# My newest brain dead quilt top



## Debbie in Wa (Dec 28, 2007)

I found this tutorial and thought, why not. man, was it so ever fast and easy. This would be a good choice for our swaps that we do. I did a 35 charm pack in about 2 hours total. I can see this being done in blacks and brights, or done in a holiday theme like Christmas. It is basic press and sew. Took about 20 minutes to square everything up. I am thinking of attacking my Christmas print for this one. Maybe Halloween if I have enough. I am thinking of making a bunch up for donations.
I just noticed that my tumblers are not the same direction, but I guess it doesn't matter too much.

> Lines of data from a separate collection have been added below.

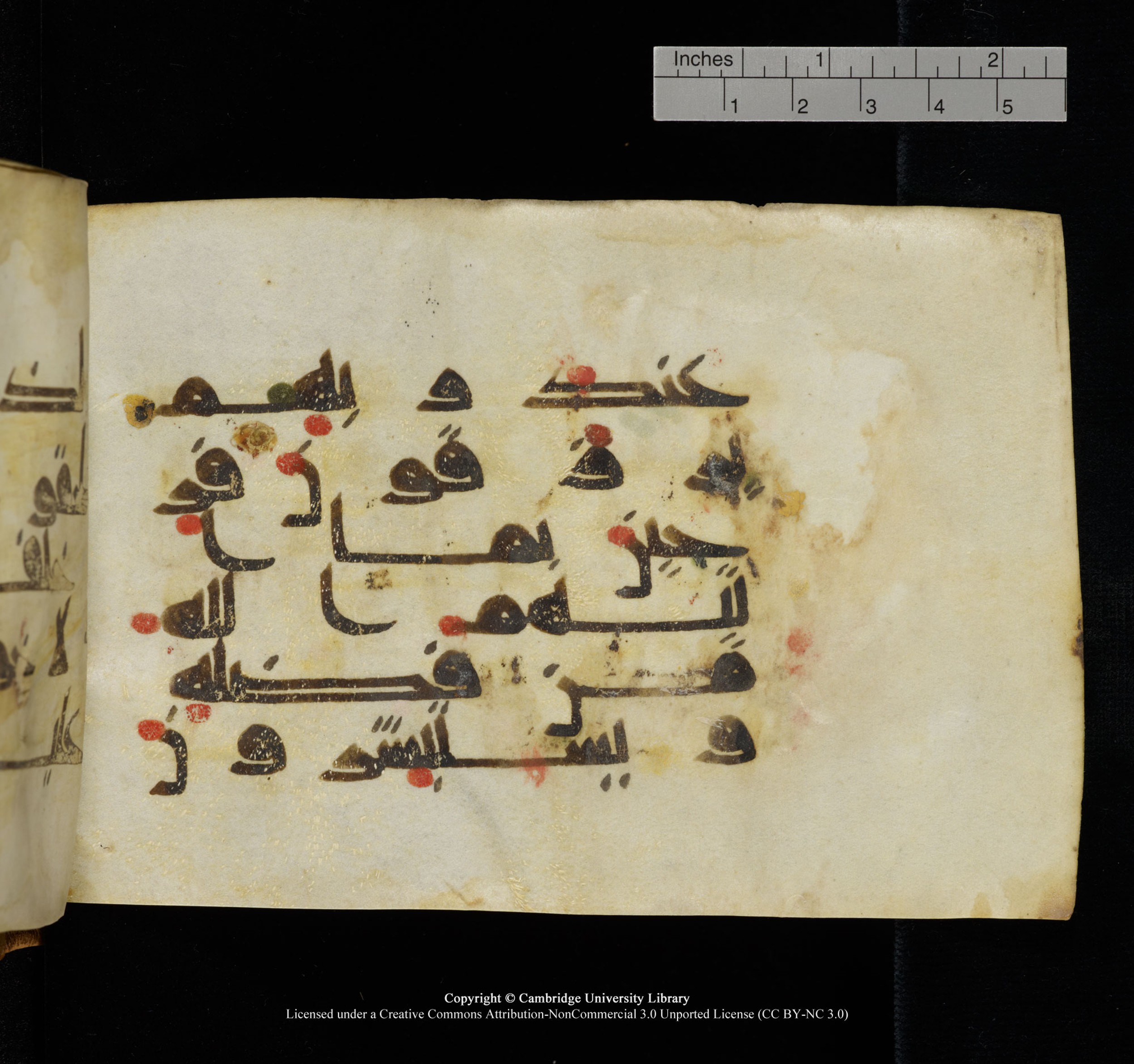 Cambridge, Cambridge University Library, MS Add.1117 (Scan 2), in kūfī D II script, showing Surah 3:169 from 9th or 10th Century AD found in Sinai Peninsula, currently housed at Cambridge University Library, Cambridge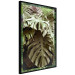 Poster Jungle Nobility - tropical composition of green monstera leaves 134507 additionalThumb 13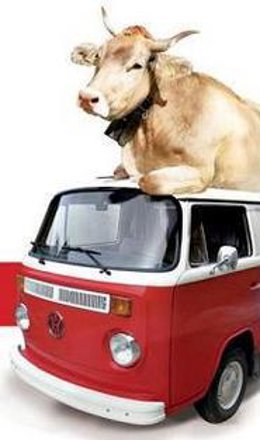 CAMPAÑA DE CONSUMO DE CARNE DE VACUNO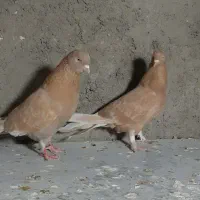 کبوتر زردی|پرنده|نسیم‌شهر, |دیوار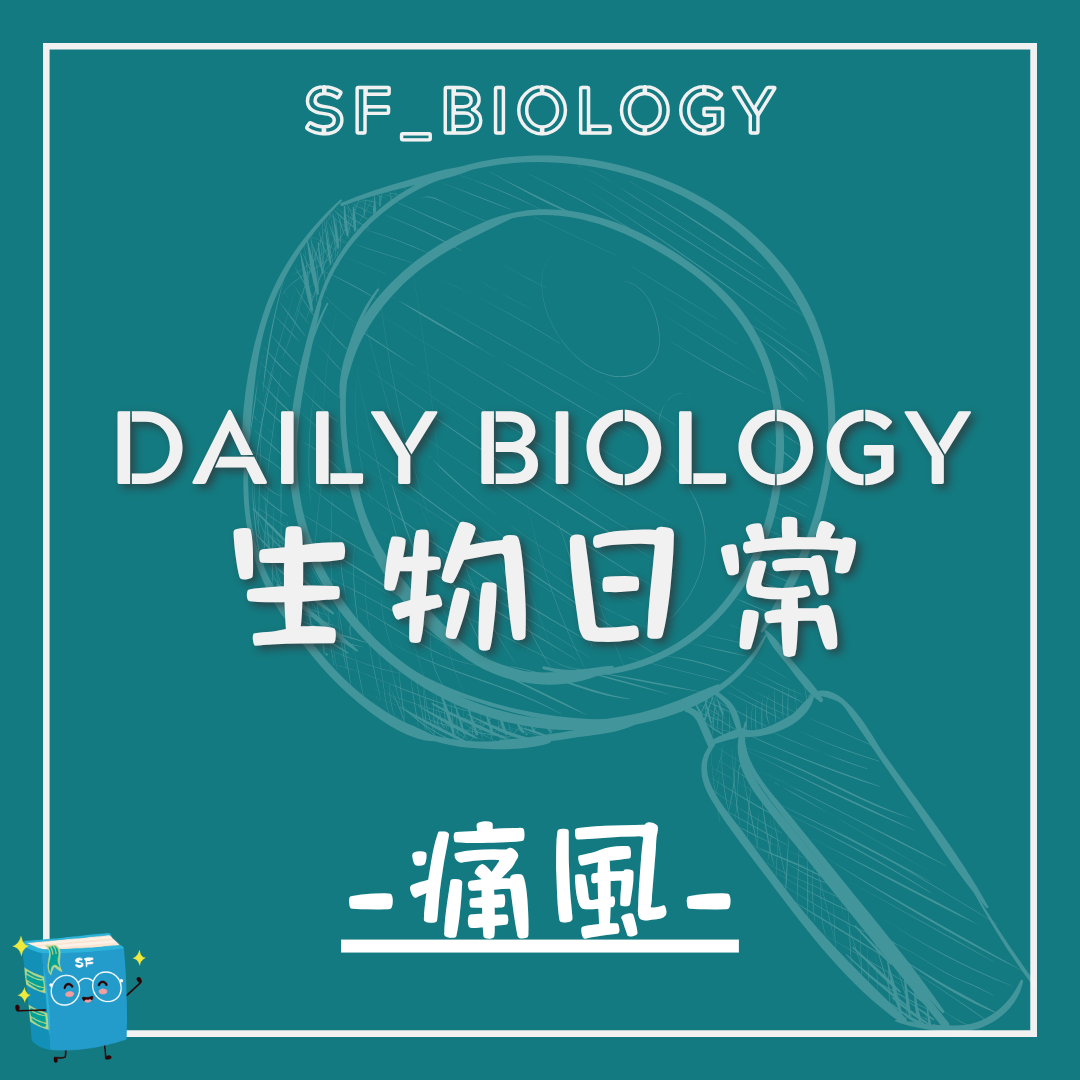 生物日常痛風與尿酸結晶主題封面
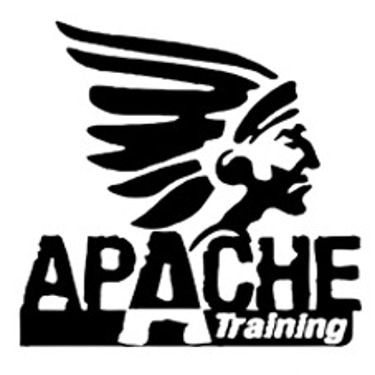apachetraining logo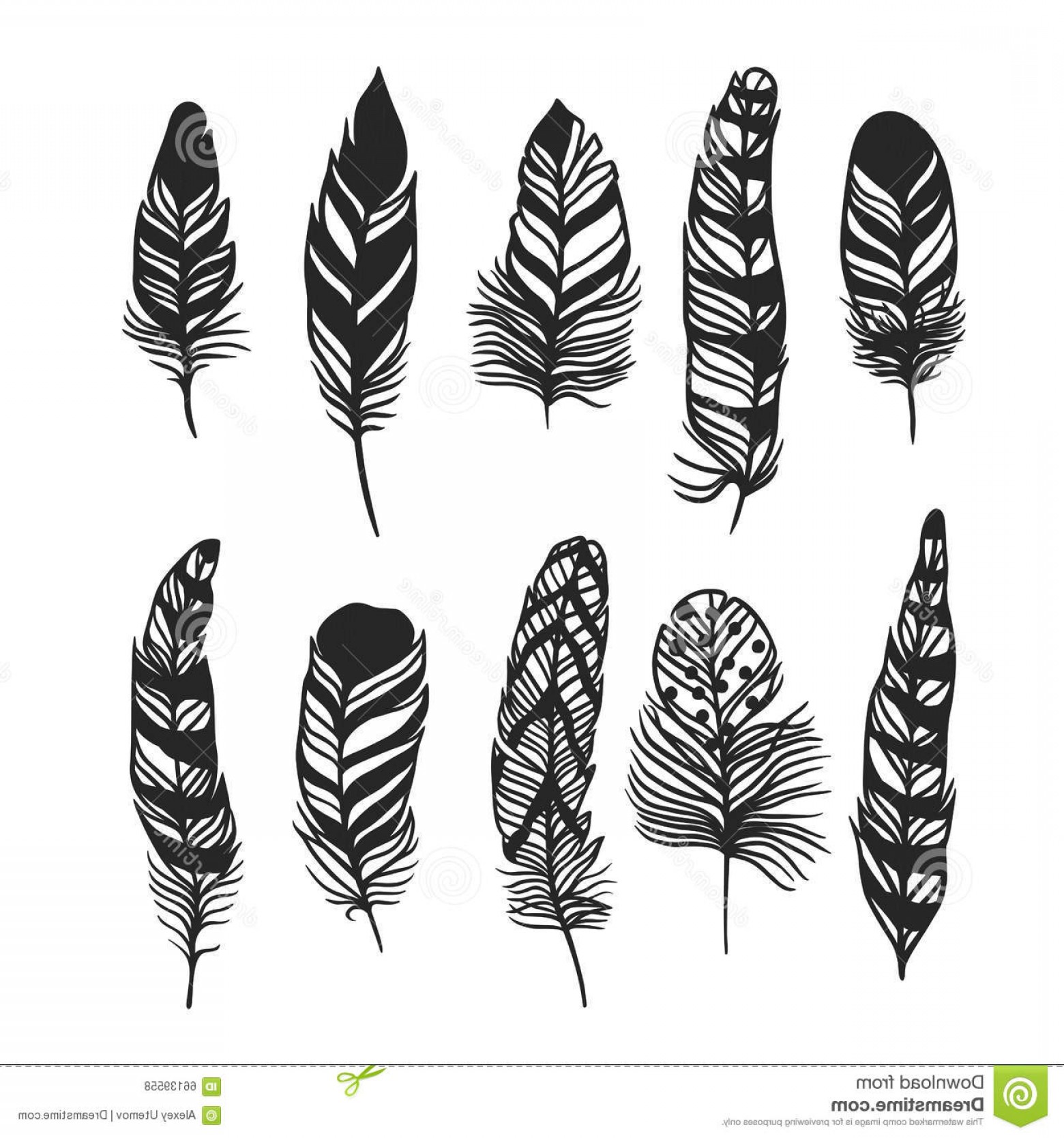 Indian Feathers Vector at Vectorified.com | Collection of Indian ...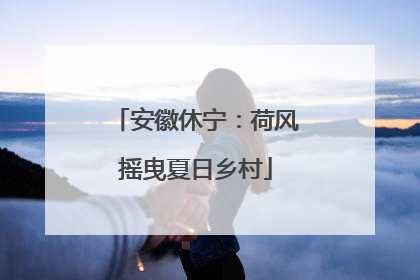 安徽休宁：荷风摇曳夏日乡村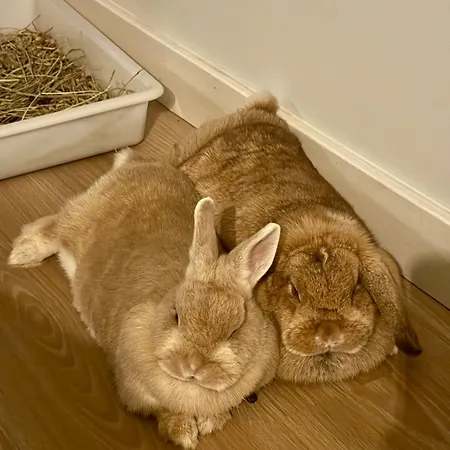 Apartamento Passivhaus Kostoenea *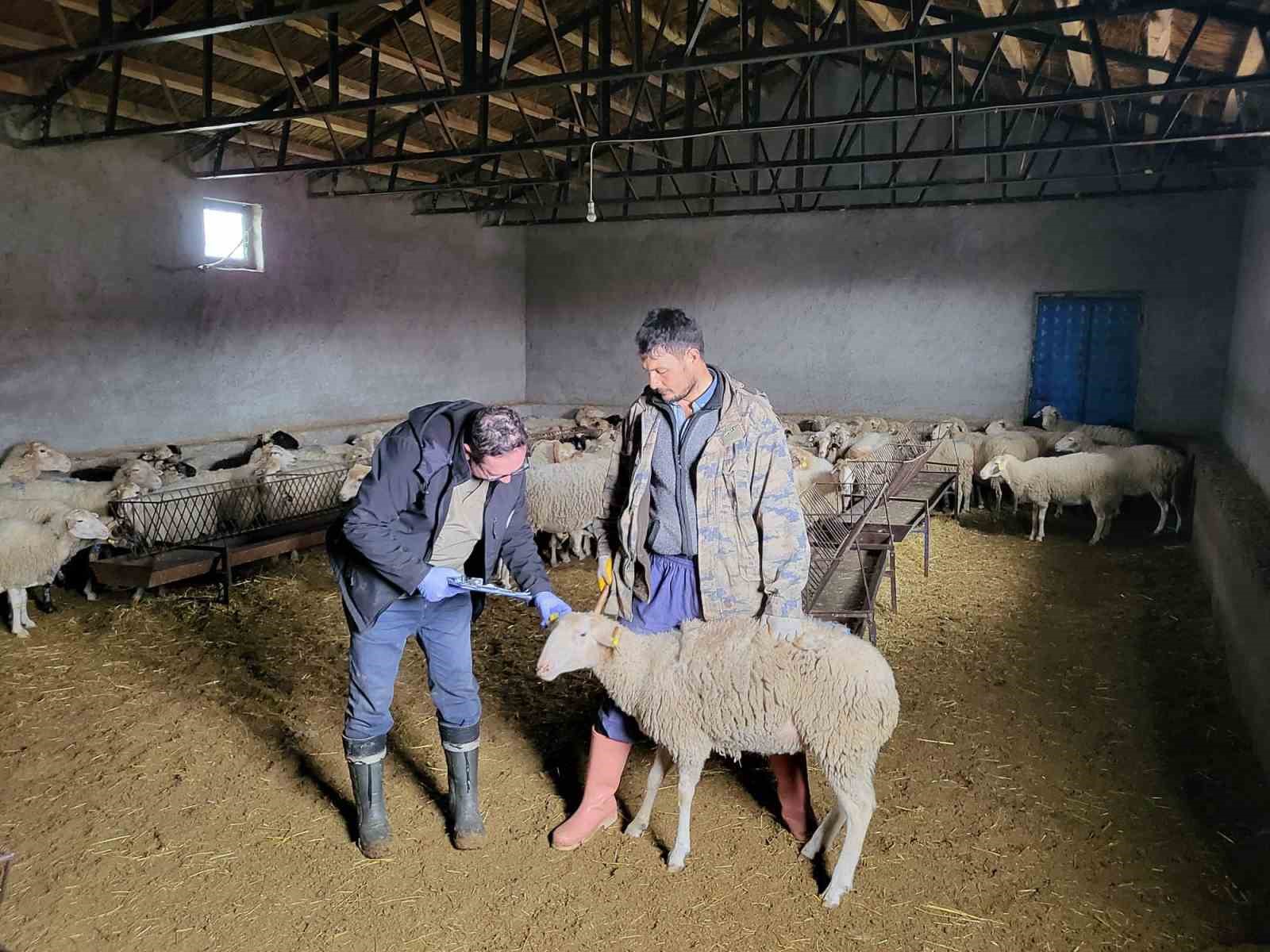 Bayat ilçesinde anaç koyunların tespit edilmesi ve aşılaması için çalışma başlatıldı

[ame]https://www.youtube.com/watch?v=bRHOebrCAZo&list=PLD5EF21A981F69C28&index=3[/ame]


----------



## homemaid (Apr 26, 2011)

That is very cute.. Thank you for sharing..


----------



## Maura (Jun 6, 2004)

That is a cheerful quilt. I think it would make wonderful baby or toddler quilts.


----------



## CJ (May 10, 2002)

It is cute!


----------



## margo (May 29, 2002)

pretty !


----------



## CraftyLady (Jul 18, 2014)

We have a modern quilt guild in our area. That's a wonderful modern style quilt. 

http://www.themodernquiltguild.com/

That's their main website. Started in Portland and now is world wide.


----------